Prolificano sul web siti, gestiti da privati o da società specializzate, nei quali sono attive piattaforme che permettono agli utenti di scrivere di inserire commenti in merito agli argomenti di volta in volta trattati.
Tuttavia, spesso accade che siano pubblicati frasi diffamatori e che, pur essendo riconosciute come offensive dagli stessi gestori del sito, non vengono rimosse o oscurate dal sito da parte dei gestori.
La Corte di Cassazione (sent. Cass. 54946/2017) è intervenuta recentemente in tema di concorso nel reato di diffamazione con specifico riferimento alla condotta tenuta da parte dei gestori del sito internet riferendo che: “il giudizio di responsabilità veniva pertanto formulato per l’aspetto […] dell’aver l’imputato mantenuto consapevolmente l’articolo sul sito, consentendo che lo stesso esercitasse l’efficacia diffamatoria che neppure il ricorrente contesta, dalla data appena indicata, allorché ne apprendeva l’esistenza, fino al successivo 14 agosto, allorché veniva eseguito il sequestro preventivo del sito”
In altri termini, la sussistenza della responsabilità penale in capo al gestore non poggia tanto sulla posizione apicale (lo status di gestore del sito internet) in quanto tale; non siamo di fronte quindi a un’ipotesi (costituzionalmente illegittima) di responsabilità c.d. da posizione.
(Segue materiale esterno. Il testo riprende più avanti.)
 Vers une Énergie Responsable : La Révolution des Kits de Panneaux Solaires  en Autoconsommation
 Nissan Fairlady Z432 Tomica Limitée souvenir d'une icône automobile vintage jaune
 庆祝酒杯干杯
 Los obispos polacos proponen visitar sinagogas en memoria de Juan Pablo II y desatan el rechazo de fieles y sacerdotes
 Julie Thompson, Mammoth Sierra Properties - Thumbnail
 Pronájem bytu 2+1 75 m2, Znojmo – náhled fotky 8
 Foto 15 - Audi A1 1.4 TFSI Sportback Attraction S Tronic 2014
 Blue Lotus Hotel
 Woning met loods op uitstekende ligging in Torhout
Piuttosto, il gestore del sito viene dichiarato responsabile per aver mantenuto sul sito i contenuti offensivi, omettendo di rimuovere l’articolo, una volta venuto a conoscenza del carattere denigratorio pubblicato.
Ciò posto, in conclusione, la Cassazione finisce (pur implicitamente) per “suggellare” la sussistenza di un obbligo di rimozione, in capo ai gestori dei siti internet, di ogni contenuto potenzialmente offensivo pubblicato dagli utenti di cui il gestore sia venuto a conoscenza (anche in via potenziale), aderendo a un’interpretazione potenzialmente in conflitto con alcuni recenti arresti della Corte Europea dei Diritti dell’Uomo.